Thus, the controller may use the output of the sensor 94 to
determine whether the paper tray 70 has been dismounted.
[0150] With the fourth embodiment, the presence or absence of the
paper 12 can be detected by means of the sensor 94, which is a
single sensor, disposed on the feeder frame 85. This configuration
reduces the number of components, manufacturing cost, and overall
size of the medium-supplying apparatus.
[0151] The raising-and-lowering motor for raising and lowering the
arm 91 is disposed on the image forming apparatus side,
implementing a still smaller overall size of the medium-supplying
apparatus.
[0152] The sensor 94 and the lever 95 are disposed on the feeder
frame 85 in the vicinity of the feed roller 82. This arrangement
allows the height of the stack of the paper 12 to be directly
detected in the vicinity of the feed roller 82, ensuring reliable
detection of the paper 12.
[0153] FIG. 24 illustrates the paper tray when it is at its closed
position.
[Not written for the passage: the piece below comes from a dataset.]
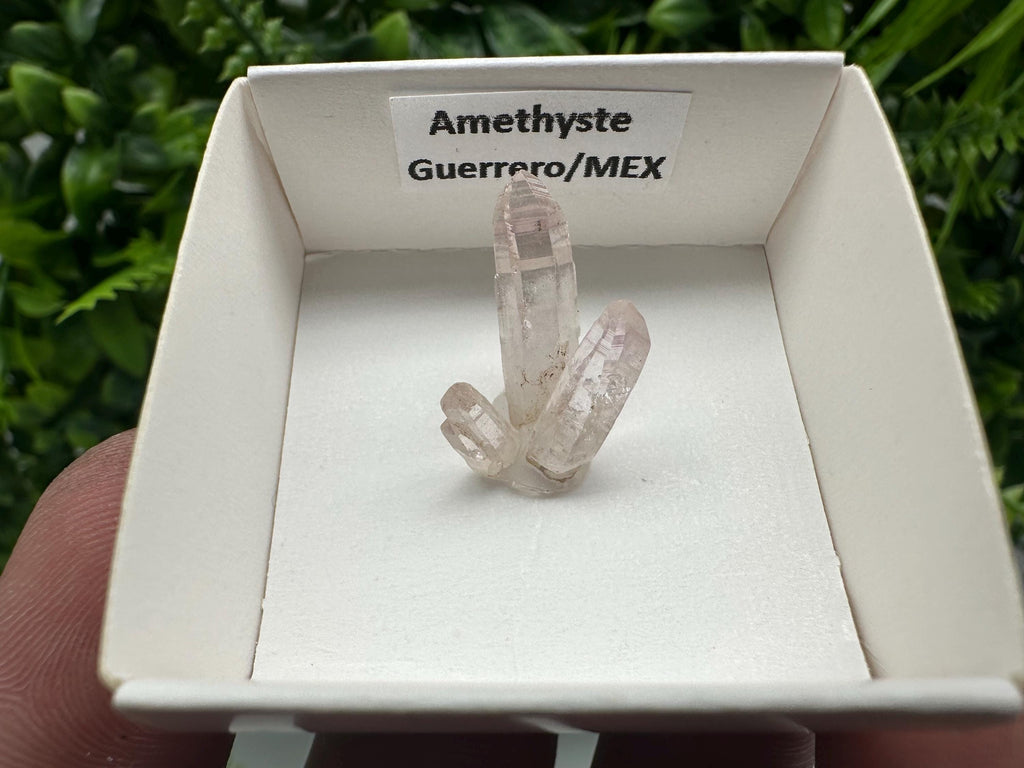 Mexican Amethyst Cluster: Mineral Specimen, Crystal Collection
When the paper tray 70 is closed, the feeder frame 85 and
pickup roller 81 are pivoted about the axis 82a into the main frame
87. At the same time, the sensor 94 and lever 95 are also
accommodated into the main frame 87. This is effective in achieving
a still smaller overall size of the medium-supplying apparatus.
Fifth Embodiment
[0154] A fifth embodiment uses a less number of sensors. Elements
similar to those of the first to fourth embodiments have been given
the same reference numerals and the description thereof is
omitted.
[0155] FIG. 25 is a cross-sectional side view of a paper tray 70
according to the fifth embodiment when the paper tray 70 is opened.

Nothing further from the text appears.